I have never been on a train that went up or down any hills as steep as this, so it was quite a treat! Also, the views of the lake and the mountains were just breathtaking. At the end of the ride, we arrived in the gorgeous lakefront town of Montreux, famous for its jazz festival and for being the place that inspired Deep Purple’s song “Smoke on the Water” after a casino caught fire there in the early ‘70s. Freddie Mercury also lived in Montreux and recorded his last album with Queen there.

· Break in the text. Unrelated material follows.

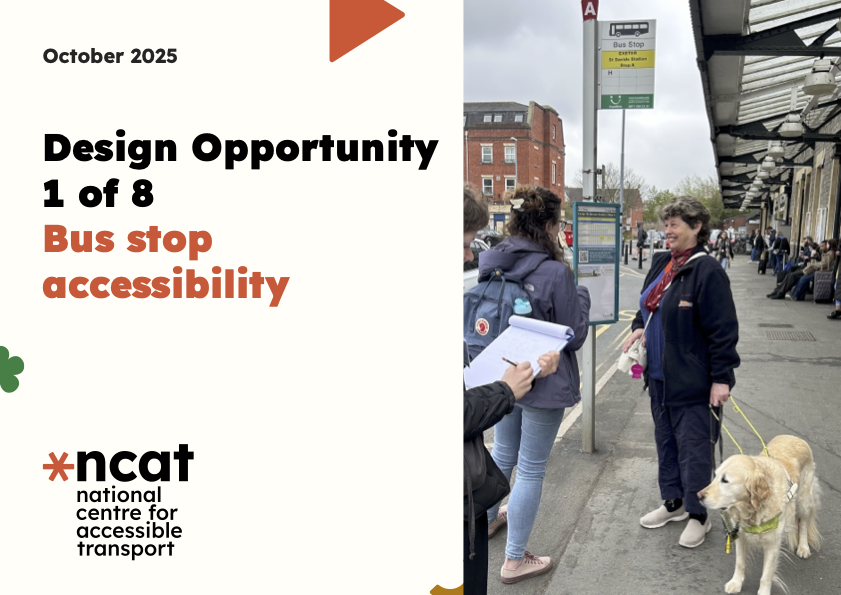 Screen shot of a slide with the title Design Opportunity 1 of 8 - Bus Stop Accessibility - and a picture of a woman standing next to an assistance dog in front of two other women holding clipboards, all at a bus stop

Our bus driver met us at the train station in Montreux and soon after we were on our way back to Lausanne and then Geneva, exhausted and stuffed after our long day of touring and eating! We all took a bit of a nap on the way home, but I can say that this was one of the best day-tours that I’ve ever taken in all my travels. Though I wish we had more time at some of the stops, we didn’t feel like we stayed anywhere too long, which often seems to happen on these full-day tours. If you’re looking to do a lot in one day and enjoy stuffing your face in the process, check out this tour!
Have you already been to Gruyère yourself? If so, I’d love to hear if you’ve had a chance to visit any of the places mentioned above and whether you enjoyed the chocolate and cheese as much as we did!